Those not affected know the patient's suffering from the reaction to such a hiccup. We sit in the seminar and have to “hick”; we suppress the urge to swallow, but it becomes stronger. The pressure on our diaphragm increases, so we go to the toilet until the hiccups are over. Or we lie in bed and feel a twitch in the body; then it's over and we relax. A Tourette sufferer experiences similarly when the tickers announce themselves.

Even pupils with the disorder train themselves to control the symptoms. They often stay calm at school and only start ticking when they are safe in their parents' house. Many people affected are no more "undisciplined" than healthy people. The opposite is the case: new studies show that those affected control their movements and language to a greater extent than those who do not.
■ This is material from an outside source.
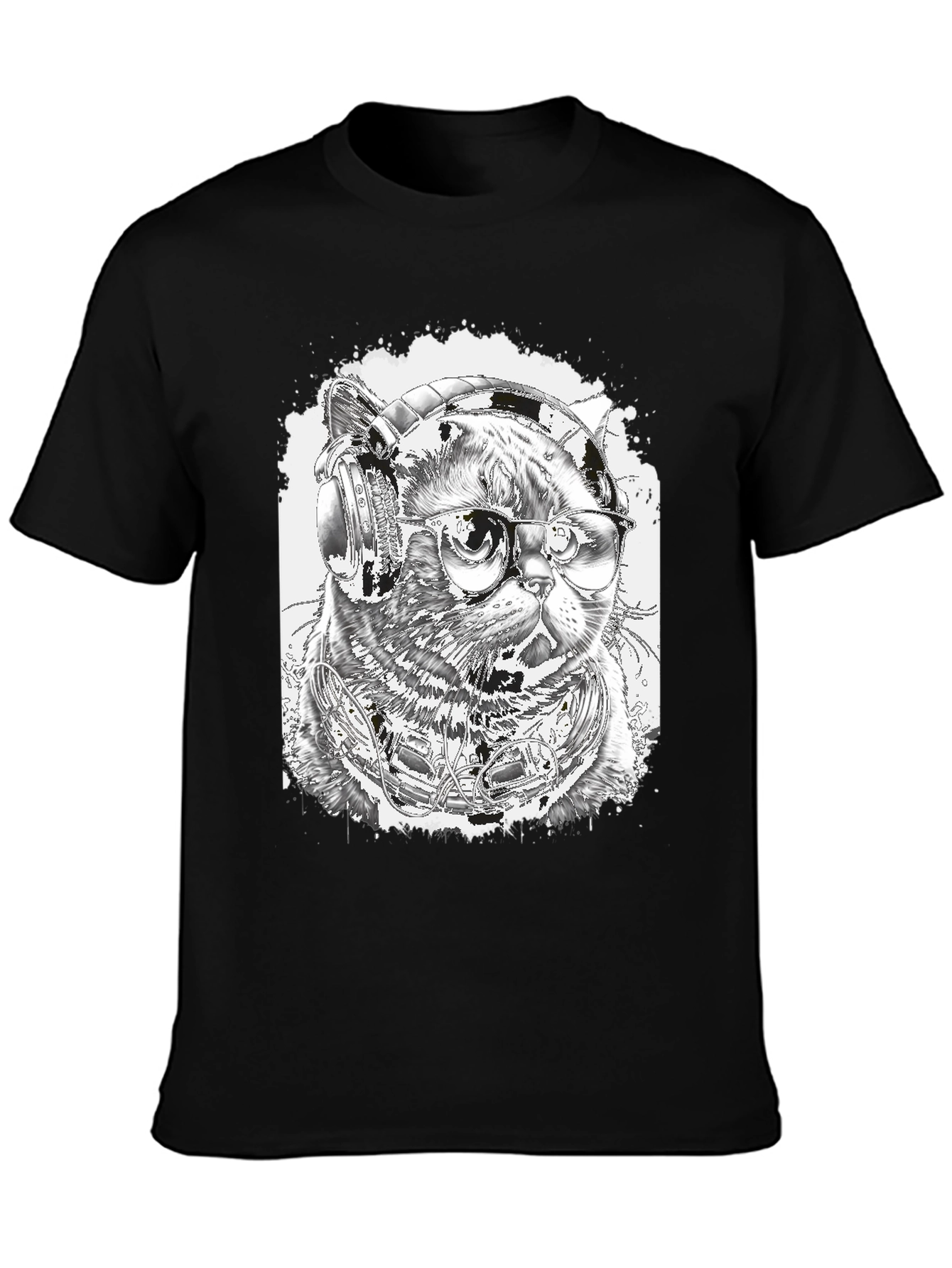 Black Cool Cat T-Shirt - Headphones & Glasses view 3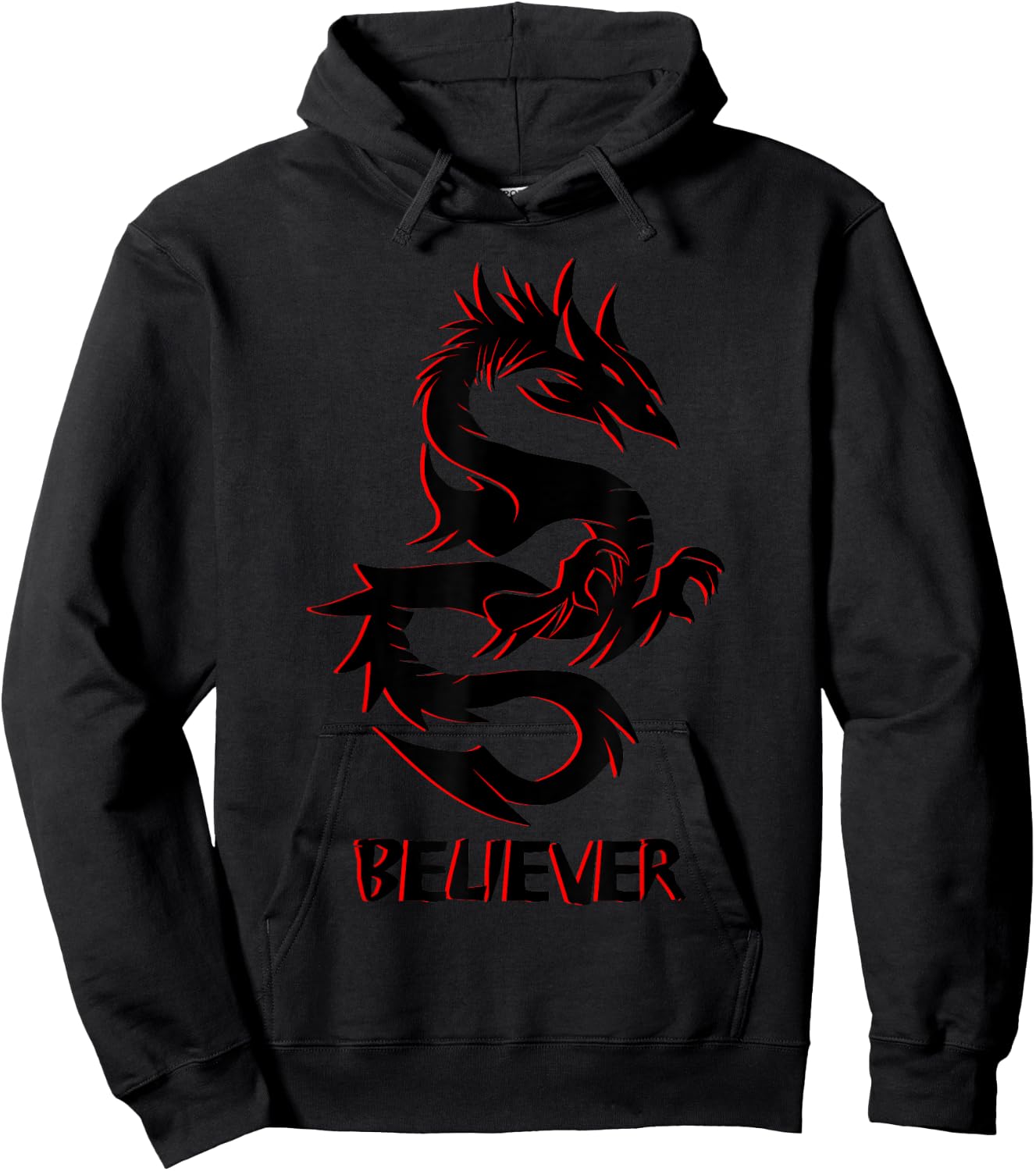 Imagine, Dream, Believe | Fantasy Rage Dragon Tattoo Hoodie - Hoodie | Black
On the one hand, the tics increase when emotions increase, with stress, inner restlessness, with anger, grief, but also with euphoria and exuberance and subside when those affected relax or concentrate on a task. However, if those affected suppress the symptoms, they break out exactly when they relax - for example, a patient comes home, lies down on the sofa and now begins to turn his head involuntarily.

Tourette syndrome causes

Nerve cells in the brain essentially control our movements; if these connections are disturbed, the movements involuntarily penetrate to the outside. Therefore, those affected cannot stop unwanted movement and speech patterns, even if they want to.
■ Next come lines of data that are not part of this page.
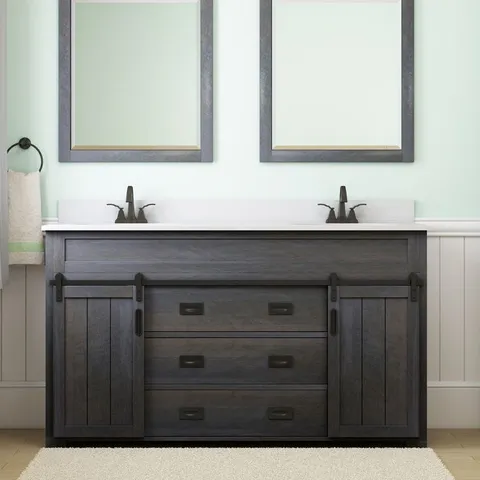 Morriston 60-in Distressed Java Double Sink Bathroom Vanity with White Engineered Stone Top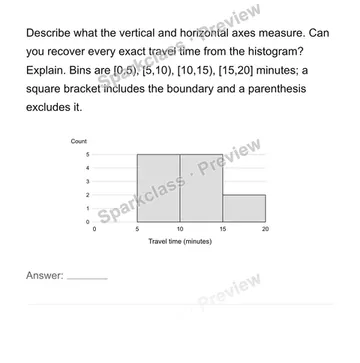 Construct and interpret equal-width histograms — Grade 6 problem preview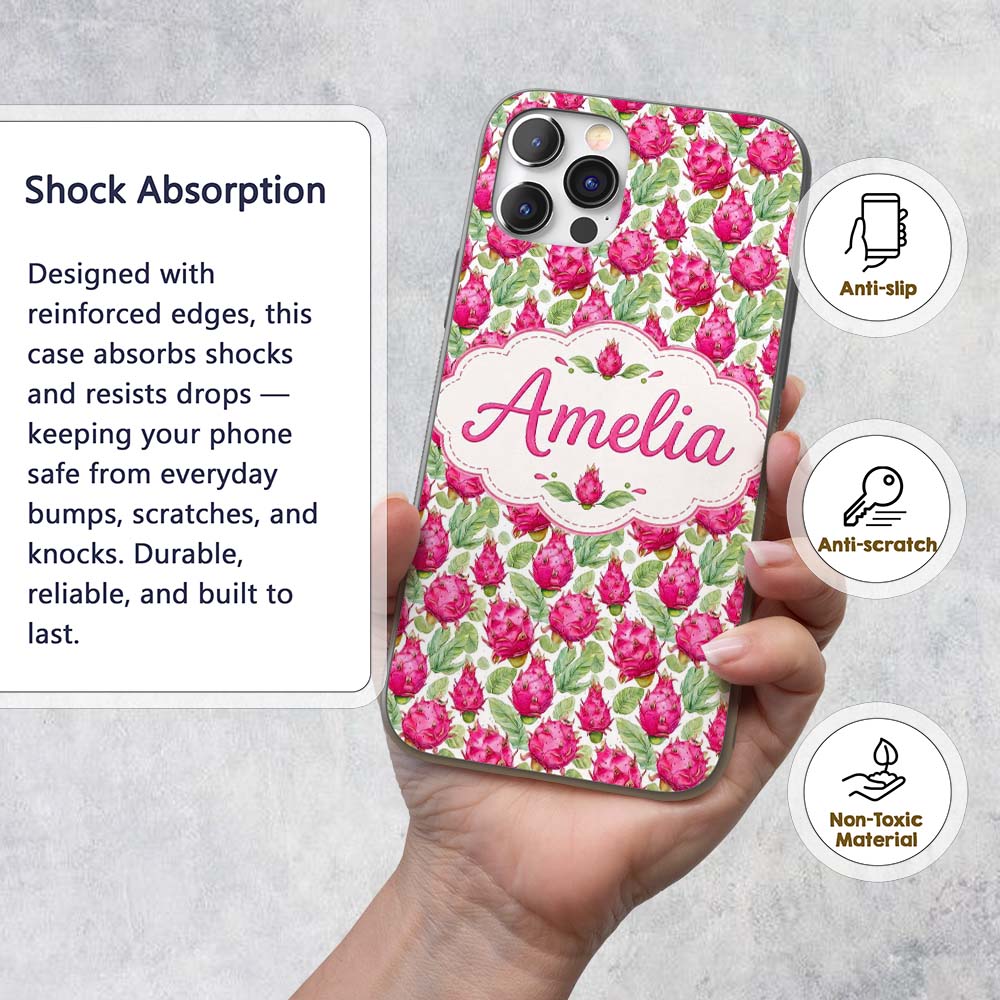 Watercolor Dragon Fruit Tropical Seamless Pattern Custom Name Protective Phone Case Mobile Cover Durable Everyday Smartphone Shock Resistant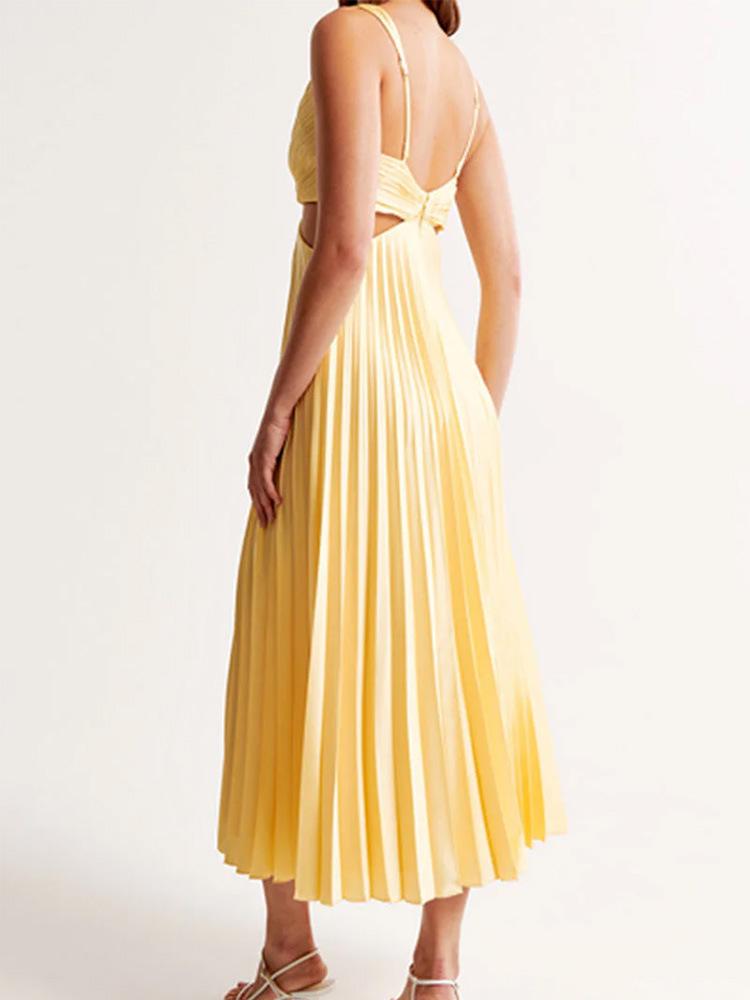 2024 Summer Elegant V-Neck Sleeveless Backless Pleated Dress for Women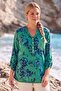 Italian Green Judge Collar Long Sleeve Patterned Sequin Pocket Casual Viscose Woven Blouse 75 60 - 7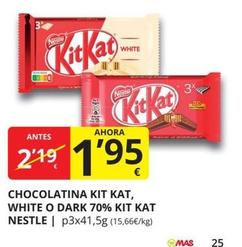 Oferta de Nestlé - Chocolatina Kit Kat, White O Dark 70% Kit Kat por 1,95€ en Supermercados MAS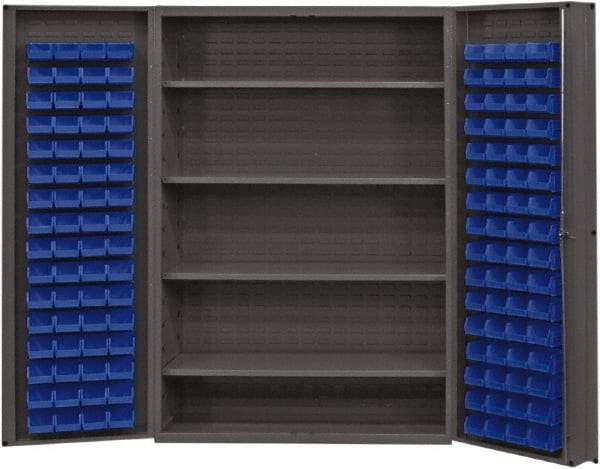 Durham - 4 Shelf 128 Bin Storage Cabinet - Steel, 48" Wide x 24" Deep x 72" High, Blue - A1 Tooling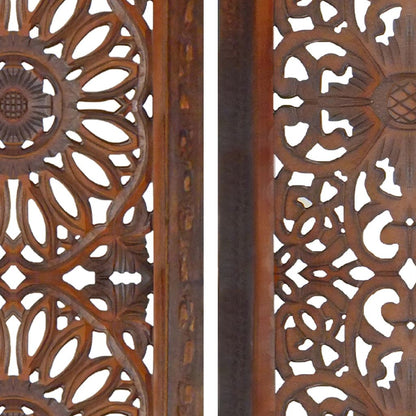 Set of 2 Hand Carved Mango Wood Wall Panels: Burnt Brown Medallion Design - View 4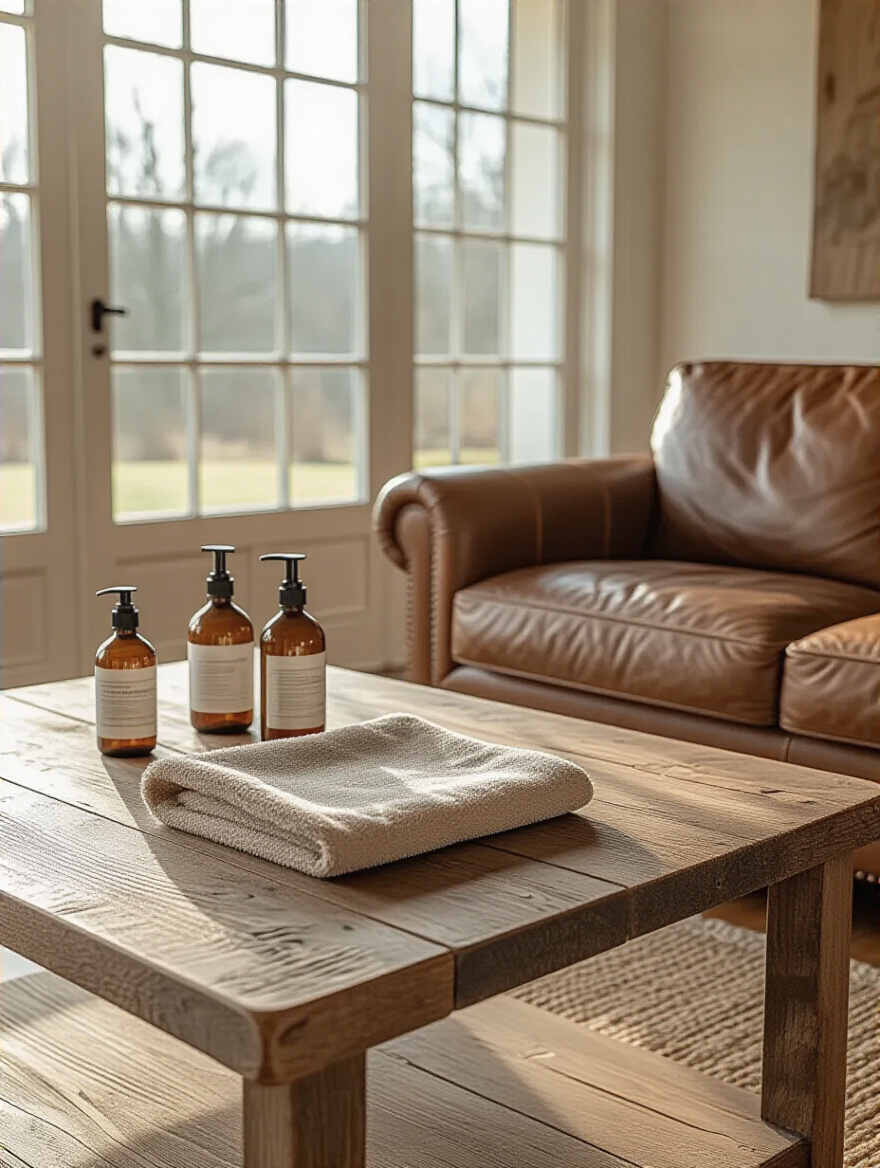Portrait of rustic living room showing wood and leather care scene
The patient's dopamine balance is disrupted, and dopamine is responsible for transporting information, such as movement patterns, to which it is then implemented.

Tourette is inheritable, and this hereditary disposition interacts with the social environment. Families of affected people very often have members with typical symptoms of the disorder.

Psychological consequences

So the syndrome is not a "mental illness" - but sufferers often suffer from psychological problems, which in turn take the form of mental disorders.

Comorbidities include attention deficit disorder and obsessive-compulsive disorder. However, it remains unclear whether these are the diseases in the clinical sense or behavior that is similar to these diseases.

Obsessive-compulsive disorders can be due to the neural structure of the tics - the tics are compulsive because they follow the same pattern. On the other hand, many Tourette sufferers develop compulsive rituals to get their “tickers” under control.

For example, those affected constantly check whether the coffee machine is on, or they demand a fixed ritual from their parents to go to bed. Parents have to repeat a sentence until it sounds "right". Affected people develop a perfectionism that is obscure to outsiders - everything has to be in the "right" place, and "wrong" words disturb the "symmetry".

Other abnormalities are similar to Attention Deficit Disorder, and they show up even at an age before the tickers begin. These sufferers show restlessness in their movements; they have difficulty concentrating; they start a lot and hardly accomplish anything; they cannot listen and are easily distracted; they jump from one action to another; they talk continuously.

Such sufferers often slip into their “tickers” when they have to listen because someone else is speaking - they tick out when they cannot physically let off steam because they have to concentrate mentally.

Then situations are the trigger for the tics that appear to laypeople as a lack of self-discipline or a lack of upbringing: to wait in school until it is their turn to make their contribution, to listen to the conversation, first to do the homework and then around to run…

The problems that arise from responding to this behavior sometimes lead to depression. However, this is a social consequence of Tourette's syndrome and not the syndrome itself: those affected are afraid to go to school; they feel "different", they are sad and lose their lust for life; they withdraw.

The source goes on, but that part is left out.